See this paper (PDF), page 54, for one study that did this type of analysis, the only such that I'm currently aware of.

If you're interested, you might want to graph the numerical results found there: you'll find that they totally fail to match up with the standard exponential curve.

And, again, it's worth thinking about this for a moment to think about the processes that generate the data: you generally don't know that a bug has been introduced at the moment it's introduced (otherwise you'd fix it straightaway), so there is a lot of opportunity for measurement bias there.

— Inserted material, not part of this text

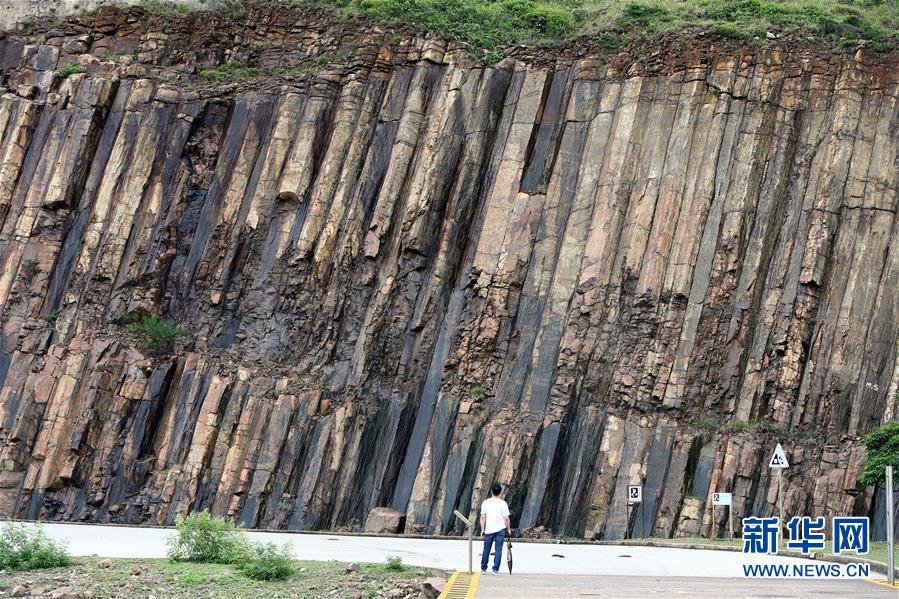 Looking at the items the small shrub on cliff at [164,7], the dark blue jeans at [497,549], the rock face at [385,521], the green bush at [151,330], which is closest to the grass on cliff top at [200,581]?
the dark blue jeans at [497,549]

Similarly you don't always know how much a bug has cost, because there are many activities that make up the economic cost of defects: lost customers, support calls, figuring out the bug, figuring out the fix, changing the code, documenting things, training developers to avoid the bug in future... Which of these you coun't and don't count is rarely reported in the literature.

It's not even clear that you can always tell unambiguously what counts as a "bug". The language in the industry is woefully imprecise.

Comment author: mfb 06 February 2012 08:06:22PM 2 points [-]

Thanks for the link. The table shows another problem: Bugs introduced in different phases are different. How do you compare "1 bug" in the preliminary design with "1 bug" of the style "if(a=b)"? Plotting a column as graph can be interesting (which was done in the original paper?), plotting a row looks nearly pointless.